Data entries
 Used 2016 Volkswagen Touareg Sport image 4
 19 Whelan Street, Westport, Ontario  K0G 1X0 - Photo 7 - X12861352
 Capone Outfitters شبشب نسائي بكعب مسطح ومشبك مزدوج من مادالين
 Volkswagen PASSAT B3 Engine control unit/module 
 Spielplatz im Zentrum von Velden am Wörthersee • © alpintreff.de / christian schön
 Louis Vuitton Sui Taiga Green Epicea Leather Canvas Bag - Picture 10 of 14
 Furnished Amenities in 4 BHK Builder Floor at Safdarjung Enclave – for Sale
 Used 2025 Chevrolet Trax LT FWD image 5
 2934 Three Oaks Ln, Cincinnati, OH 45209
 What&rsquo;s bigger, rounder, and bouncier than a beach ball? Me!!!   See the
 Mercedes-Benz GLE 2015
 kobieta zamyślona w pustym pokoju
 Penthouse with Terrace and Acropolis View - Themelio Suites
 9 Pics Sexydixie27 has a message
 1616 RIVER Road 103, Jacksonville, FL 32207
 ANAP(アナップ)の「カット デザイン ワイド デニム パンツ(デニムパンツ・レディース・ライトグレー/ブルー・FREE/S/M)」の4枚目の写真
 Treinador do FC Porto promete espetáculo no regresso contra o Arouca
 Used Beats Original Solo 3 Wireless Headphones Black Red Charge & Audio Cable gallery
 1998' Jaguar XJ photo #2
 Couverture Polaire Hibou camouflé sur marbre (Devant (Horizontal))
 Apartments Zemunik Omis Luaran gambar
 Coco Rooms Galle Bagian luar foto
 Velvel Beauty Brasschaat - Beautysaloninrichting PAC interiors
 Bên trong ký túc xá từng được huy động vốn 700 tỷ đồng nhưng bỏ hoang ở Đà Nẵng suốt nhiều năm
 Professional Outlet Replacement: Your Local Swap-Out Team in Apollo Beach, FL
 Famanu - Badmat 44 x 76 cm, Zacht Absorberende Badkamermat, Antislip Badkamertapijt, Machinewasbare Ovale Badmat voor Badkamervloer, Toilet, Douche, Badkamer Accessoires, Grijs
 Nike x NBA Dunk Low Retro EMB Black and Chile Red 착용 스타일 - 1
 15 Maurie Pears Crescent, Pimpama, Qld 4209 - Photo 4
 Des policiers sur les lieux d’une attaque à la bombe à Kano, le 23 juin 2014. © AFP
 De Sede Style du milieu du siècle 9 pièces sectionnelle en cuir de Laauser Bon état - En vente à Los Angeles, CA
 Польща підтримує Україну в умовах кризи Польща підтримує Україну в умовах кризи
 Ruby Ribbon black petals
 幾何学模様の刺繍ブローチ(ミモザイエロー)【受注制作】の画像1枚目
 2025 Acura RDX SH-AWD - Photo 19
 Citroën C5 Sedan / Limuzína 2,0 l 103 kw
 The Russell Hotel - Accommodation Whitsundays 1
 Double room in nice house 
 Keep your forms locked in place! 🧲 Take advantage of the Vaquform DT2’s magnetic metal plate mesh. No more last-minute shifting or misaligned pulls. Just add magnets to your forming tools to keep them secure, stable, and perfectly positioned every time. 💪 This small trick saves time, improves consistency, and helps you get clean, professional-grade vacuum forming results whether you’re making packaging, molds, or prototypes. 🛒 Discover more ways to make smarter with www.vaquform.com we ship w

## ASSIGNED TASK
Restate, word for word and with nothing added, the lines from the beginning of the records above through the line that contains "Spielplatz im Zentrum".

## YOUR SOLUTION
 Used 2016 Volkswagen Touareg Sport image 4
 19 Whelan Street, Westport, Ontario  K0G 1X0 - Photo 7 - X12861352
 Capone Outfitters شبشب نسائي بكعب مسطح ومشبك مزدوج من مادالين
 Volkswagen PASSAT B3 Engine control unit/module 
 Spielplatz im Zentrum von Velden am Wörthersee • © alpintreff.de / christian schön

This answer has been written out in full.